At HDM’s Healthcare Analytics Symposium in Chicago, consultant Becky Quammen laid out the challenges that small hospitals face when seeking to advance beyond data reporting and starting to do meaningful analytics.

Quammen’s July 15 presentation gave a good look at what resource-limited hospitals face when moving deeper into analytics and the types of data needed to drive results. Based on the experiences of a community hospital CEO client, she walked through the frustration of not having the data you really need and the CEO feeling like he drives blind most of the time with incomplete information with which to make decisions. He wonders how to reduce the noise of the gross amount of data coming from information systems and find the useful and pertinent data that can help leaders decide what matters.

The CEO wants real-time access to data to know what happened yesterday, today and the past month, and not a report based on months-old data. He wants data pushed to leaders that can give insight into what will happen next month and what services should be trimmed or expanded. He wants access to data in IT systems that should not take five months after implementation to get at, but should have been in the product from the start. And, he wants more accurate data.

I was sitting with two data administrators from a community hospital that is interested enough in analytics to have sent both to the symposium. When the presentation was done, I asked where they will be a year from now, and the answer was surprising.

“We’ll probably be where we are now,” they said, and the frustration on their faces was evident.
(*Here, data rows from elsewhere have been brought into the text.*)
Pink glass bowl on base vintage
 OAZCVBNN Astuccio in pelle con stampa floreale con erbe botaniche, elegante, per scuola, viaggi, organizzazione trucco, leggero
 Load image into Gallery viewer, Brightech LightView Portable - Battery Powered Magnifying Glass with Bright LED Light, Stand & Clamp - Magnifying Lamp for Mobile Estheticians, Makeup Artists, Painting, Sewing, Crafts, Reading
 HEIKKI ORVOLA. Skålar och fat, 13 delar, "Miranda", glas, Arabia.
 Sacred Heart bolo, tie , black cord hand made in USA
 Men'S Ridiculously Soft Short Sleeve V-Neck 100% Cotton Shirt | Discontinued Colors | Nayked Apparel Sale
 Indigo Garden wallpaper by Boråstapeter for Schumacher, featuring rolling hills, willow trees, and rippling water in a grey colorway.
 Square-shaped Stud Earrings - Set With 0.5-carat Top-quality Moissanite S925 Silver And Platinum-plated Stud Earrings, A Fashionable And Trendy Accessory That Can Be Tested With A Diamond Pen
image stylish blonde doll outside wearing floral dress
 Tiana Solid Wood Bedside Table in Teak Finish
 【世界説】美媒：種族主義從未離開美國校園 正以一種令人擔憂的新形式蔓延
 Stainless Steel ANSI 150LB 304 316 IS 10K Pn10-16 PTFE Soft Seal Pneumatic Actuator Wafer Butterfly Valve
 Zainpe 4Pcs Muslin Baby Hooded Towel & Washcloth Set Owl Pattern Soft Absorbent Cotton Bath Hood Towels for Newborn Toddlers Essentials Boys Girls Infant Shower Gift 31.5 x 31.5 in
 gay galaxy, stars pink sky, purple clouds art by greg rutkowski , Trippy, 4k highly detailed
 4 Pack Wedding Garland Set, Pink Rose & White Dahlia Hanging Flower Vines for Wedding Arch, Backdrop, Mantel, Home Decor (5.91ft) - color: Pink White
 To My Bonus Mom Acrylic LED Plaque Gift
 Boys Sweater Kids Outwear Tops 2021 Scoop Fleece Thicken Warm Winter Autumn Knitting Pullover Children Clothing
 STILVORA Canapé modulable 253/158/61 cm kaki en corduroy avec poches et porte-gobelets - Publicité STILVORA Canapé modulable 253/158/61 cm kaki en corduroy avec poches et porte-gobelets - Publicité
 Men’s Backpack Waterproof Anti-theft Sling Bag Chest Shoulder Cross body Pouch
Interest in moving beyond reporting and into more comprehensive analytics aside, they are stuck with reporting for the foreseeable future. Reporting for meaningful use and a package of government-required quality reporting initiatives leaves little time for advancing in analytics.

Yet, advancement is what they and other providers must do if they will survive and thrive under value-based care initiatives and reimbursements fostered under the Affordable Care Act. They are finding no regulatory relief from the government, which four years after reform became law still haven’t even harmonized reporting processes across initiatives and just keeps adding more regulatory burdens that stymie efforts of providers to improve their performance.

If new Health and Human Services Secretary Sylvia Burwell wants to leave a legacy mark on her tenure, finding where her department’s policies are hindering provider innovation and giving relief would be a good start.